Alors qu'Oedipe est condamné, il ne manque plus qu'au temps d'agir.
Nous pouvons nous interroger sur le rôle que joue le temps dans les
deux œuvres étudiées en classe et chercher à comprendre en quoi
le temps peut être considéré comme un véritable acteur tragique.
Dans l'Oedipe Roi de
Sophocle, les évènements se succédent de manière linéaire
bienqu'il ait quelques analepses dans certains dialogues ou récits
qui informent sur les évènements passées. Par exemple, de la page
51 à 53, le berger Corinthien s'entretient avec le serviteur de
Laïos et nous raconte ainsi le sort d'Oedipe en tant que bébé
abandonné dans les montagnes, ou encore le messager nous rapporte
dans l'exodos le suicide de Jocaste. A ces analepses s'ajoutent des
ellipses de temps qui se situent souvent à chaque fin d'épisode.
Celles-ci marquent les étapes constitutives de l'histoire en cinq
mouvements. Ces ellipses correspondent la plupart du temps à des
attentes qui ne sont pas toutes représentées : attente de
Créon dans le prologue, attente de Tiresias, attente d'Oedipe par
Créon et le Coryphée avant qu'ils se confrontent et attente du
berger pour savoir nottamment la vérité sur le meurtre de Laïos.

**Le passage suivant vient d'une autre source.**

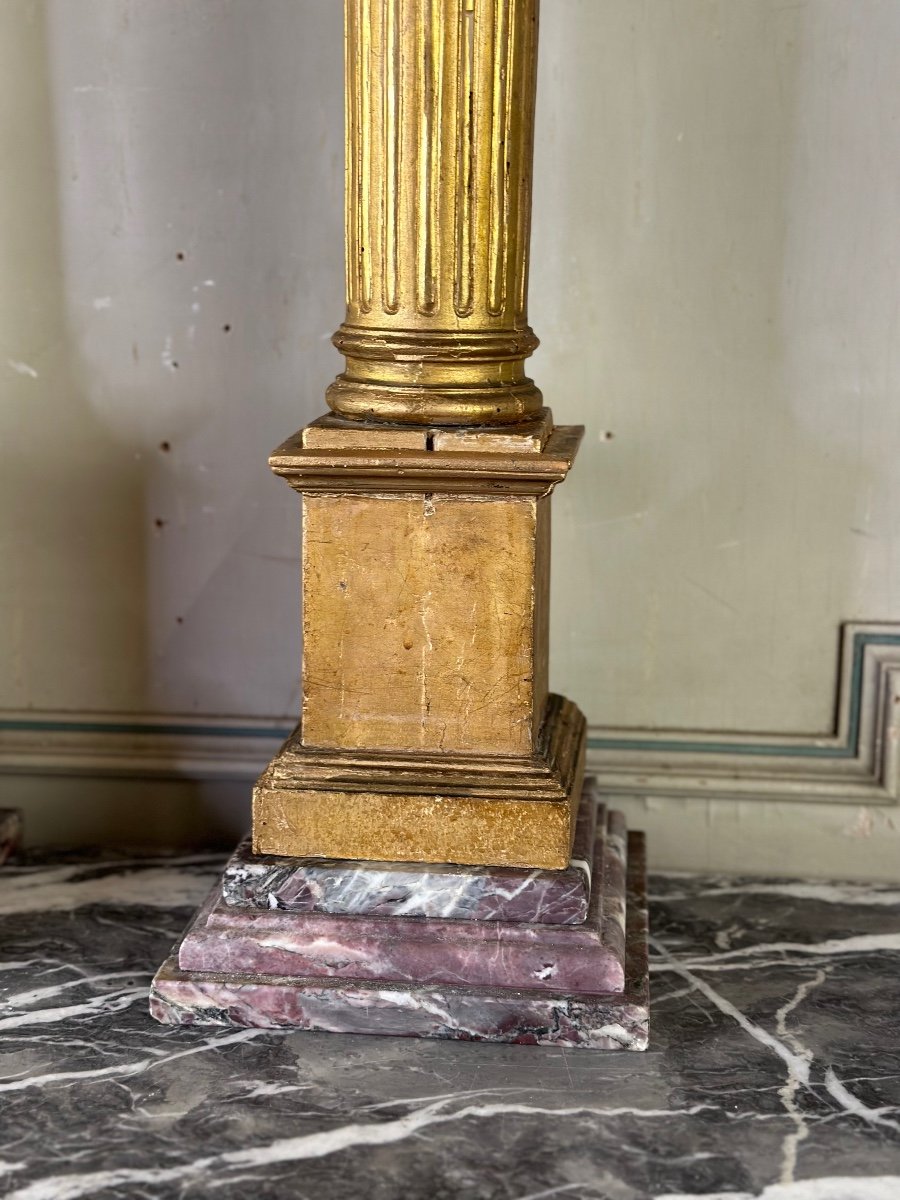 Pair Of Columns In Carved And Gilded Wood Eighteenth Century-photo-3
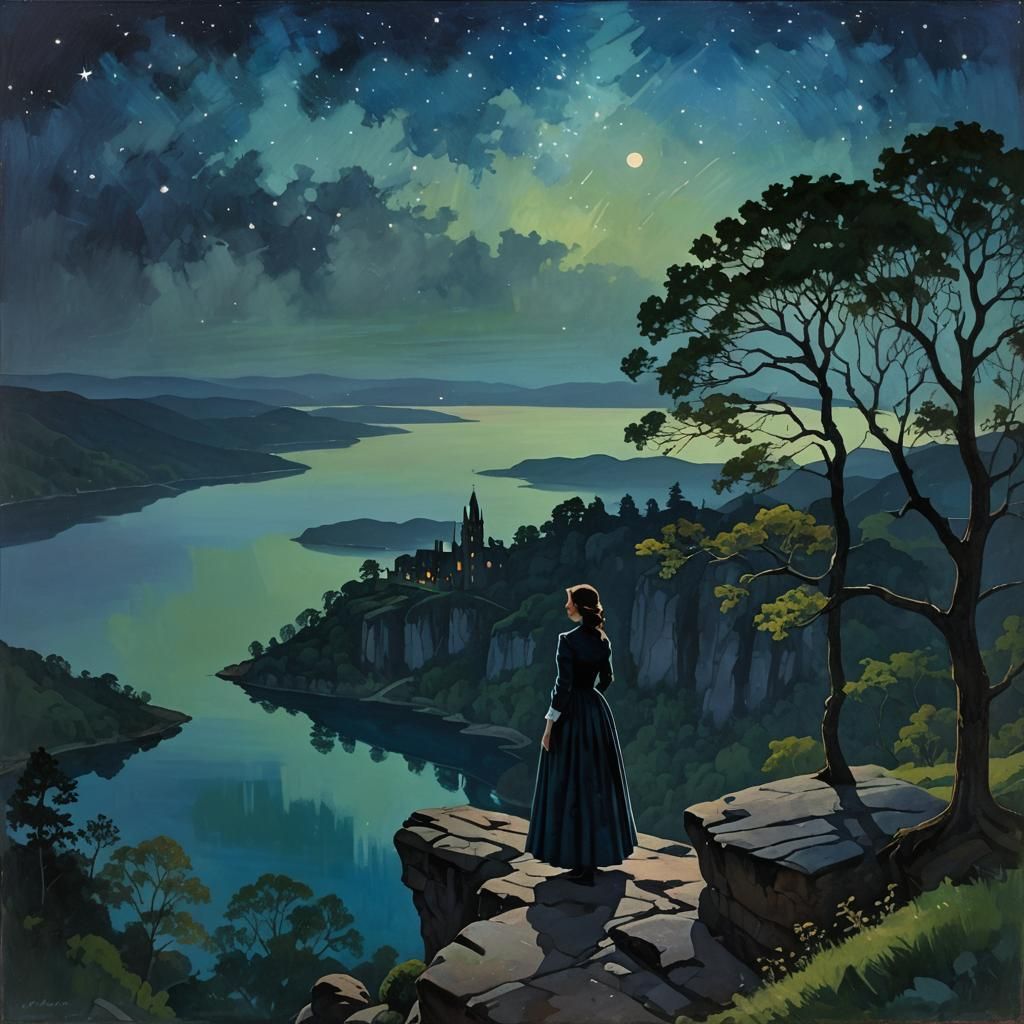 Woman Overlooking Starry Lake: Heidelberg School Impression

Après chaque attente elliptique, on peut dire que l'histoire
progresse.
Pareillement, dans le
film de Pier Paolo Pasolini, les évènemetns se succèdent de
manière linéaire même si l'on peut voir, dans le parcours
d'Oedipe, par son retour au pré, l'éternel recommencement de la
tragédie. Cependant cette dimension cyclique est plus une invitation
aux réecritures, pour que d'autres s'aventurent dans le chemin
d'Oedipe qu'un indice sur l'ordre des évènements.
Si la totalité de
l'action respecte la règles des trois unités dans la pièce de
Sophocle, on ne peut pas en dire autant pour le film du réalisateur
italien. En effet, chez Sophocle, l'enquête sur l'assassin de Laïos
se fait en une seule journée alors que Pasolini ne se limite pas à
raconter ce seul événement. Il illustre en effet les événements
qui précèdent l'enquête sur l'assassin de Laïos là où Sophocle
commence par les ravages de la peste. On ne peut pas dire que
l'histoire d'Oedipe racontée par Pasolini se déroule en une seule
journée car les enfants d'Oedipe sont cités. En effet, il est
clairement impossible qu'ils aient été conçus et nés en un même
jour. Le temps dans ces deux pièces est linéaire même si Sophocle
a recours à certains procédés -afin de respecter la règle des
trois unités- pour ajouter des informations complémentaires à
l'histoire d'Oedipe et de Thèbes.
Pasolini change de
temps dans son prologue et dans son épilogue. Cela lui permet de
mettre e perspective le mythe de Sophocle à qui il donne un nouveau
souffle pasolinien en y melant sa vie (italie de son enfance dans le
prologue et l'italie des années soixante dans l'épilogue) et lui
ajoute une dimension freudienne. Ce faisant, il accorde un rôle
utilitaire au temps comme le fait Sophocle avec ses ellipses. En
effet, Sophocle fait des fractures dans le temps pour rapporter
l'essentiel de l'action dans sa pièce. Pasolini, quant à lui,
semble en plus manipuler le temps pour jouer avec les spectateurs qui
se voient devoir supporter des images de cadavres pestiférés et
pourrisant à même le sol ou encore subir la longue errance d'Oedipe
dans des routes quasi-désertiques (environ 5 minutes).
Pasolini, en faisant
des séquences relativement longues où rien n'est dit, ralentit le
rythme de l'histoire. Le réalisateur décide de dédier beaucoup de
temps à l'errance d'Oedipe qui s'abandonne au hasard après que la
Pythie lui ait annoncé son destin, alors que cela n'est pas une
étape cruciale dans le mythe d'Oedipe. Alors que Sophocle se borne à
écrire l'essentiel, Pasolini rallonge le mythe et s'attarde sur des
évènements secondaires. Ce jeu de ralentissement s'allie au thème
du destin qui se répète de multiples fois paticipant à créer un
effet de longuer. Ainsi, le spectateur perçoit le périple d'Oedipe
comme étant très long.
Le temps se présente
comme un acteur tragique aussi bien pour Sophocle que pour Pasolini.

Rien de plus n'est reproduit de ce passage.